If you enjoy intense, clever, and verbally dexterous tales, make time for this one. It isn’t a talk-fest, but practically all of the dialogue is a sparring match between the characters involved. It’s a dark joy of a movie.
Oddball films that really work are hard to find. Corneliu Porumboiu’s Whistlers certainly falls into that category as a delightfully dark comedy that doubles as one of the odder mobster love stories you’ll get to see. It isn’t perfect…in fact I want to slap him around just a bit for not following through on the main conceit, even though he does use it. And, before you ask, yeah, it’s real.
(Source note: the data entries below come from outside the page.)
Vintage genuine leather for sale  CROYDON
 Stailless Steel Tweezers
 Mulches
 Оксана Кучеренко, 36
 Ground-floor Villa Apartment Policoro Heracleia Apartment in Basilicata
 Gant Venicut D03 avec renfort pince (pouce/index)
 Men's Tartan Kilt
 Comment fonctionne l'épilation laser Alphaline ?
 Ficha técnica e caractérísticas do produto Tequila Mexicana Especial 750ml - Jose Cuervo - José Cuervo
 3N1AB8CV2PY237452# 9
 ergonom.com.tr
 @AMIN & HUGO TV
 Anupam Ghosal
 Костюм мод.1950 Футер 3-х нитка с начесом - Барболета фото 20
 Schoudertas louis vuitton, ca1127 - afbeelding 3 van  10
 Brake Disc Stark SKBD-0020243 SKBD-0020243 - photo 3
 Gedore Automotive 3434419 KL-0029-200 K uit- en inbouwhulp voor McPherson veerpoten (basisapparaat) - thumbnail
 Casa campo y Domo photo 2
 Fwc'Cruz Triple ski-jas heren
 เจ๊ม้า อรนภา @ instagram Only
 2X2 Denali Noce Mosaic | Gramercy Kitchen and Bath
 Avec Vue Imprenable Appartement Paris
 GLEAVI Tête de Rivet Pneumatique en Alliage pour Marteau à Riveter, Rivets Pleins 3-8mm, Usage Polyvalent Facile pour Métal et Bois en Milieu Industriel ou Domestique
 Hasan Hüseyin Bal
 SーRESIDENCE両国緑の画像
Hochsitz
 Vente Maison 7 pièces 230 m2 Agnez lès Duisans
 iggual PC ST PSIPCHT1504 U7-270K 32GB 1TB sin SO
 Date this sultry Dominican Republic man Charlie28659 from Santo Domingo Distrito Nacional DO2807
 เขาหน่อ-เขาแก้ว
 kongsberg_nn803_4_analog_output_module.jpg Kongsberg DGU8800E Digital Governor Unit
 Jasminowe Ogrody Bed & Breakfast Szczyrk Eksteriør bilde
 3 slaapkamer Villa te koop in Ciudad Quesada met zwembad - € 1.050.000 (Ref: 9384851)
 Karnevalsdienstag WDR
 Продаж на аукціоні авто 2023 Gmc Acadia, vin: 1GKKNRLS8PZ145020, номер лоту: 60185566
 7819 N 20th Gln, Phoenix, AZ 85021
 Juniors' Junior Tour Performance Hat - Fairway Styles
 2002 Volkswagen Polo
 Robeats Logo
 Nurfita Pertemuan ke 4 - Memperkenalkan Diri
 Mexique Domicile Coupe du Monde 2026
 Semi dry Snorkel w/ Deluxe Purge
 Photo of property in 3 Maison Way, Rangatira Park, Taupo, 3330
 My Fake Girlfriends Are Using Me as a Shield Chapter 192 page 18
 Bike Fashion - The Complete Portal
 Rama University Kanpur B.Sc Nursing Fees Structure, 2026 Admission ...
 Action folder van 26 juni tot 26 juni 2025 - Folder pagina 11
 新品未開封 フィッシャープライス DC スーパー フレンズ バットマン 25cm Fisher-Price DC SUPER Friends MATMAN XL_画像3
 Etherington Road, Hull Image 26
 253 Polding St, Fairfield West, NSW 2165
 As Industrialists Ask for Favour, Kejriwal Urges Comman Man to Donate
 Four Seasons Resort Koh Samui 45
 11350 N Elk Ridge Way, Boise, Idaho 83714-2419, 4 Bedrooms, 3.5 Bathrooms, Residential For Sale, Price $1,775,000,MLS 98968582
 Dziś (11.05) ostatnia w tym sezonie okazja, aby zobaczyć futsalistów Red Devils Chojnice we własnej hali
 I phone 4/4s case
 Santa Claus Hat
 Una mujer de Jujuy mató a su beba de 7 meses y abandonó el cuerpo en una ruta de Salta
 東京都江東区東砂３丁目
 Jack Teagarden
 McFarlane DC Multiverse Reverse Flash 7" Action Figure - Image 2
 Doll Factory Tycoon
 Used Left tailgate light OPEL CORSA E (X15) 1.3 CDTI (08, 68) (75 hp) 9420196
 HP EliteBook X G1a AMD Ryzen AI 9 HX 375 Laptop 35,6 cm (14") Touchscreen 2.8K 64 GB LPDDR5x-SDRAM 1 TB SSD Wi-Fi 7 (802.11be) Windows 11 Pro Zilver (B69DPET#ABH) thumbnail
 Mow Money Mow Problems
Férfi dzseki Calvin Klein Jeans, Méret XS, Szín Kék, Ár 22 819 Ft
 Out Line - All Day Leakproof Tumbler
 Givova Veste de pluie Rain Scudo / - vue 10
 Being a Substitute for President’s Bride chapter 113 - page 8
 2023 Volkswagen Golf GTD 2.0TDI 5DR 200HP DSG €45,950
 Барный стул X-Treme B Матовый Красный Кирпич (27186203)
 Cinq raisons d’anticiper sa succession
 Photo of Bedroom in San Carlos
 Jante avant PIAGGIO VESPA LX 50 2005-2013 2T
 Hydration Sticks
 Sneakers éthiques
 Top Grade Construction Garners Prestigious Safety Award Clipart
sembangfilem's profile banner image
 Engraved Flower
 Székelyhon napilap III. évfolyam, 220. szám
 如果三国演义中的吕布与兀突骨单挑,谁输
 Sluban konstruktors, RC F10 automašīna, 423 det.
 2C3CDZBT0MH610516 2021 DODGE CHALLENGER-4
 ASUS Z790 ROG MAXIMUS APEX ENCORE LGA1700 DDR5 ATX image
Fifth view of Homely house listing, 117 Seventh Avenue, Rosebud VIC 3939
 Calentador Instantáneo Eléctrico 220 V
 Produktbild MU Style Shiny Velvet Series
What sets this story apart from so many similar stories of betrayal, dirty cops, and semi-honorable thieves is how the tale is told. Porumboiu fractures the story and tells it with parallel chronologies to make the story as much one of mystery as it is suspense.
Vladimir Ivanov (Toni Erdmann) and Catrinel Marlon (Tale of Tales) are at the center of the story. Ivanov’s even temperament, despite any circumstance, is both amusing and amazing as he sells it every time. And Marlon’s femme fatale approach is both cold and spot on; her sharp intelligence always on display.
The couple are surrounded by a host of interesting supporting characters. Rodica Lazar, in particular, as Ivanov’s boss, is a fascinating and quiet portrayal.
Basically, this is a romp, with dark, Romanian overtones. But is also a comedy, which keeps it all from getting too weighty and uncomfortable. If you haven’t found it yet, and are looking for something a bit different but not too fluffy, this is a good way to go.
Germany is really producing some fun TV lately (think Dark). This newest, high-concept scifi conspiracy tale really works well… till near the end, when it’s a bit rushed and predictable. But up till then, the plot is nicely pushed along organically and without too much manipulation.
Luna Wedler, in the lead, manages to convey an intelligent adversary to her target, the coldly manipulative and driven Jessica Schwarz. And, of course, there’s a band of misfits helping it all along. And while Jing Xiang and Sebastian Jakob Doppelbauer are hopelessly silly through part of it, they are also entertaining as heck. Xiang, in particular, handles piles of monologue wonderfully. On the other hand, the more serious connections for Wedler are bit less clear in their motivations. Though they have depth, neither Adrian Julius Tillmann nor Thomas Prenn are entirely believable in their actions.
On the upside, this story was renewed, so we’re not to be left hanging on the final moments of the 6 episode wind-up. Suffice to say, it’s a pretty good ride, told in a way that didn’t put my teeth on edge with people being willful-stupid about those around them, or not speaking up when they should. In other words, most of the characters had some clear intelligence and lived in our world (science aspects aside). Definitely worth an investment of your time if you like these kind of shows.
This is a fairly standard, though gorgeously filmed, WWII espionage/love story, with few surprises. What makes it worth seeing is Cate Blanchett (Where’d You Go Bernadette). The 2001 season was a good one for Blanchett. The month prior, she’d wow’d audiences with her Galadriel, which would permanently set the tone of her screen presence. When she steps on screen, regardless of character, she dominates; confident, radiant, terrifyingly in control. But in Charlotte Gray, she starts, uncharacteristically, weak and grows into her role without ever quite becoming that pillar of power. It’s almost like watching the growth of Blanchett as she matured into a star.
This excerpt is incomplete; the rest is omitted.